[cairo] Improving PDF output

Tue Jan 9 12:36:17 PST 2007

On Tue, 2007-01-09 at 14:47 -0500, Owen Taylor wrote:
> On Tue, 2007-01-09 at 13:38 -0500, Behdad Esfahbod wrote:
> >   - Pango apparently has all this information readily available and can
> > make such a call very easily.
> 
> As long as people aren't using pango_show_glyph_string() directly...
> normally, certainly yes.

Ouch!  gdkpango uses that.  Ok, We can extend PangoRenderer to have a
draw_glyph_item kind of API.

> >   - Make Pango go over the glyphstring for right-to-left runs from end
> > to start (that is, in logical order), and for right-to-left lines from
> > end run to start run, or in the logical order of the runs.
> 
> I think you always want to emit glyphs in visual order and let the 
> backend figure out how to best encode that into a document for both
> compactness (not positioning every glyph) and correctly representing
> the text. Having glyph order not correspond to the X advance of the
> font is going to be awkward.

Agreed.  What about items in the line?  Do you think doing them in the
logical order makes sense?  I have no idea how Poppler/Evince work here.

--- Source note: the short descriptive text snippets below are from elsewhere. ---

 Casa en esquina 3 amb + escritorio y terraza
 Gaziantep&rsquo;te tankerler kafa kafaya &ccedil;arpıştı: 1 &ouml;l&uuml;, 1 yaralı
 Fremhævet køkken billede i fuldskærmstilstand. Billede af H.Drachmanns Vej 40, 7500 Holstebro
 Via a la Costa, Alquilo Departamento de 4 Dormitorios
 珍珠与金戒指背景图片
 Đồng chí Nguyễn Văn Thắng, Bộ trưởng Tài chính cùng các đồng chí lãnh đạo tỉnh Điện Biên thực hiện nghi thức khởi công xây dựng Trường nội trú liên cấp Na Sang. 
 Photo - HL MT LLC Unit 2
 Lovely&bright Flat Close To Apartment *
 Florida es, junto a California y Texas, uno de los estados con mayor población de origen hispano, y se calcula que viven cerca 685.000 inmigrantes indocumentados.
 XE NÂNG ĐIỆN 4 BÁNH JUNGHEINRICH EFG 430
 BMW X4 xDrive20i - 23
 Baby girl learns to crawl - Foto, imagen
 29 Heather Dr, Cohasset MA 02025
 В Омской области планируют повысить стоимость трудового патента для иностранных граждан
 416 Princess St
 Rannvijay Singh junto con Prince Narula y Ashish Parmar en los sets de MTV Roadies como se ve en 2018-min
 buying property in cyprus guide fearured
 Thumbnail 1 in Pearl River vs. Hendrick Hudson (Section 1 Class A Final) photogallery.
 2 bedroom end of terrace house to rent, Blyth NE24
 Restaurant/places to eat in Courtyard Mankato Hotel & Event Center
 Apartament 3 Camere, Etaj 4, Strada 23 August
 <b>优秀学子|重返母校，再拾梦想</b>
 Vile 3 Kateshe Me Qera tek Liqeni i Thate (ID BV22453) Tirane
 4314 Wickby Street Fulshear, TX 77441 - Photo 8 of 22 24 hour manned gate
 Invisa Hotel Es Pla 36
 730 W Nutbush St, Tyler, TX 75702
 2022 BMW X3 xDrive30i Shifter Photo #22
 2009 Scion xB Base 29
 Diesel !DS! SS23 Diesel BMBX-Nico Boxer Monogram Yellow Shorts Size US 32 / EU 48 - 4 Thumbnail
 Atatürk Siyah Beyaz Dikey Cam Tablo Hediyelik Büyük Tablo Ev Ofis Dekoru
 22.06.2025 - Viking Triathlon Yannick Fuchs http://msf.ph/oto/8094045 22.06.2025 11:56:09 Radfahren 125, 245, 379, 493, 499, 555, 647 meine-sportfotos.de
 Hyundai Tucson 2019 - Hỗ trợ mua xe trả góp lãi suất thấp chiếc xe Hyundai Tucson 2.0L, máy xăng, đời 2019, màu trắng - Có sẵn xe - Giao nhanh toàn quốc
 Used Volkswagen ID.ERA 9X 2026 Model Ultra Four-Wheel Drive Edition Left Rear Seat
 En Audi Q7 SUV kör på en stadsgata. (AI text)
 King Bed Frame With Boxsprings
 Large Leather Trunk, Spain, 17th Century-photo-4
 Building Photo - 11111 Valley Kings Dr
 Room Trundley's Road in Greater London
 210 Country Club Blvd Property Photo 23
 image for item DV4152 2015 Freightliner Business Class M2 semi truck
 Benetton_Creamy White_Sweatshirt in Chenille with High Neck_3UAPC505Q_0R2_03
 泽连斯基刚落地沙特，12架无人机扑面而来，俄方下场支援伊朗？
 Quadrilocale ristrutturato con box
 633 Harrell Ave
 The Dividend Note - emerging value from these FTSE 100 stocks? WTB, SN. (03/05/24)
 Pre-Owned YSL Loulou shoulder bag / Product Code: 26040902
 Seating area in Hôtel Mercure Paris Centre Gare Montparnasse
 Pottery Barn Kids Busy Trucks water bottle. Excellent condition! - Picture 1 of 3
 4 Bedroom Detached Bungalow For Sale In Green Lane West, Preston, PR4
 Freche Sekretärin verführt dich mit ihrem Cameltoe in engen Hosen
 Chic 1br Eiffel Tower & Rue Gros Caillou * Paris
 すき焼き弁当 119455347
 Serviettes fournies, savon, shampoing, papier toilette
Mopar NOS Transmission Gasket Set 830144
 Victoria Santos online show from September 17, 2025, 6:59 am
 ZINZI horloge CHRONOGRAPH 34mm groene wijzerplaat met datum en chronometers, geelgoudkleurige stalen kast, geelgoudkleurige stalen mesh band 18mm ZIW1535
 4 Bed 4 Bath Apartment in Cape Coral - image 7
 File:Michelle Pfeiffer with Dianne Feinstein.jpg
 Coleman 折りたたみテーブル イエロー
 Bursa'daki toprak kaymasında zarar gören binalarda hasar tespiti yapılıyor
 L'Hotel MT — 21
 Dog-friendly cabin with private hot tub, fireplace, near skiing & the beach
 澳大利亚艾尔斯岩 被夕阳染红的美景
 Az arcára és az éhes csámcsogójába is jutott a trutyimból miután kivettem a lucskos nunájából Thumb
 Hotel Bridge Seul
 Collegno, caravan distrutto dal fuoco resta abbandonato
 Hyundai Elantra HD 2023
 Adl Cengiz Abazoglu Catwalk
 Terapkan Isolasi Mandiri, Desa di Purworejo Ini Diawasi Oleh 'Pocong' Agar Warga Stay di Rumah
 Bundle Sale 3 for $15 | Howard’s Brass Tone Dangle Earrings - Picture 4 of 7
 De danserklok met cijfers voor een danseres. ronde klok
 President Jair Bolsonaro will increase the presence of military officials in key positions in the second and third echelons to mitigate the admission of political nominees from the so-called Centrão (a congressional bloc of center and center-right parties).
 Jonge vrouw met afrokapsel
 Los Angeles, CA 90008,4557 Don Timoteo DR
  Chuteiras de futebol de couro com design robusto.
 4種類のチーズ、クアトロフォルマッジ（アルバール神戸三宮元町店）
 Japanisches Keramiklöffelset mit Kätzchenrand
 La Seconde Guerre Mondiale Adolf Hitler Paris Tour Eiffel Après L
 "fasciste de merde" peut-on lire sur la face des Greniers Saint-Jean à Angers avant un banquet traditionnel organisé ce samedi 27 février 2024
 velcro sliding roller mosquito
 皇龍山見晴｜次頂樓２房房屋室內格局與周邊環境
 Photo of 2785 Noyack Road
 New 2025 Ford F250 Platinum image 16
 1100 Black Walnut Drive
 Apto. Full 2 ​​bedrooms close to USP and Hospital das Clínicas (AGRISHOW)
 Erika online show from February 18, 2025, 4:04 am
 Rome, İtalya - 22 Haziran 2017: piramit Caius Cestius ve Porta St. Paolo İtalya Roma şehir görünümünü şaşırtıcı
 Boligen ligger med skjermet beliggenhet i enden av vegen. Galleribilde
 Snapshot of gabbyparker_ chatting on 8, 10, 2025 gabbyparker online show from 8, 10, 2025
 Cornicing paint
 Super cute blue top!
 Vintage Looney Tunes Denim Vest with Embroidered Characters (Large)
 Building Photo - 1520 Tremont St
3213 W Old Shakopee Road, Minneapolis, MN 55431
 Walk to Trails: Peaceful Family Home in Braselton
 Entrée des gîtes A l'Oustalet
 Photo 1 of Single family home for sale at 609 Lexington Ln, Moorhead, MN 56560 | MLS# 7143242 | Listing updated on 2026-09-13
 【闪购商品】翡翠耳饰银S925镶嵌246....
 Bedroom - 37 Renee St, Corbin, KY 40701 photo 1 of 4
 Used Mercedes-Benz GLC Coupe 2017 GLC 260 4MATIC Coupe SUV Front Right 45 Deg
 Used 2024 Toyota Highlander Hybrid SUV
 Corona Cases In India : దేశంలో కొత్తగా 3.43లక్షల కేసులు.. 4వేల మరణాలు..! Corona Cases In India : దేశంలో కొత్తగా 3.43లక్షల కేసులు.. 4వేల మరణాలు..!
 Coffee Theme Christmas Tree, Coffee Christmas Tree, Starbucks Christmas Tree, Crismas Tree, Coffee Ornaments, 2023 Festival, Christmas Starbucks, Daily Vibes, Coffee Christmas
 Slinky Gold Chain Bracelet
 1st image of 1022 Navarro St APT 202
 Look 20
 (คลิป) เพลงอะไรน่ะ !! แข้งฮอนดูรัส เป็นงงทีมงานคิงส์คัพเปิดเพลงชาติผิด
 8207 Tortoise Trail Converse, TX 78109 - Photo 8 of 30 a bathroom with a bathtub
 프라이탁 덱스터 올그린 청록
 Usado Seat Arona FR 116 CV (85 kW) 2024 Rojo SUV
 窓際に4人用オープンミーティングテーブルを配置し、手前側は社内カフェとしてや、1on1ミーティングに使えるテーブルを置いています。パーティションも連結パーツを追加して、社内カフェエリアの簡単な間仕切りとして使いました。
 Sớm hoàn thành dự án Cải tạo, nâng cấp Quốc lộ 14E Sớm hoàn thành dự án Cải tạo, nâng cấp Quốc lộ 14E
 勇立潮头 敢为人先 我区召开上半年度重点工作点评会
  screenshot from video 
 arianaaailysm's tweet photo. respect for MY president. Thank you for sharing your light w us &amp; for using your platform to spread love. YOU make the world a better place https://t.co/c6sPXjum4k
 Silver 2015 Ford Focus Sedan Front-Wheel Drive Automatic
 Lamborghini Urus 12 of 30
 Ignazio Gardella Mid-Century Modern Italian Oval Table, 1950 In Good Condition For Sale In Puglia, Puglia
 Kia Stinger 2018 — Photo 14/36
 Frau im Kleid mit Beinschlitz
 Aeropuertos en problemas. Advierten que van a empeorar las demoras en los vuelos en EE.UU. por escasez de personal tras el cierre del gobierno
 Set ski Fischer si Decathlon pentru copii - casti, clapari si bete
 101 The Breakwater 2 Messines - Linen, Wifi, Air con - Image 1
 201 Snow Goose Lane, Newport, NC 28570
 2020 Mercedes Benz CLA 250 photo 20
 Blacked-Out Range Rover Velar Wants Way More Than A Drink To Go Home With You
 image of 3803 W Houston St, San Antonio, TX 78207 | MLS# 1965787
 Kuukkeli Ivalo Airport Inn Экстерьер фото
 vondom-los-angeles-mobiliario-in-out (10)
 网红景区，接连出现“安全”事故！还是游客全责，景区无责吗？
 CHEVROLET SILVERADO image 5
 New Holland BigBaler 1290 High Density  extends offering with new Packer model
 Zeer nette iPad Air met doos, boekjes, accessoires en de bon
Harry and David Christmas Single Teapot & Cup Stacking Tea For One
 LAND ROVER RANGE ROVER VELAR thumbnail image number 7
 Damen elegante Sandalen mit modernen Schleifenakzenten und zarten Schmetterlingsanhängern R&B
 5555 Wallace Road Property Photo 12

> >   - The PDF backend will, for each grapheme, use reverse cmap lookup to
> > get a text string associated with the glyphs.  If this string is
> > identical to the one provided, it will be used directly (like Alp's
> > patch, or lack thereof, does), otherwise, it will start a new text
> > operation for this grapheme and use ActualText around it.
> 
> Hmm, it might make sense to make that determination for the whole 
> string at once, to avoid an encoding for Hindi (say) where you are
> constantly switching between the two representations? Since there
> always are going to be some grapheme/characters that can be mapped
> by the cmap.
> 
> Though I suppose you need to break up the ActualText markings to the
> grapheme (more properly, cluster ... a 'ff' ligature is two graphemes
> but one cluster) level to allow for proper selection boundaries.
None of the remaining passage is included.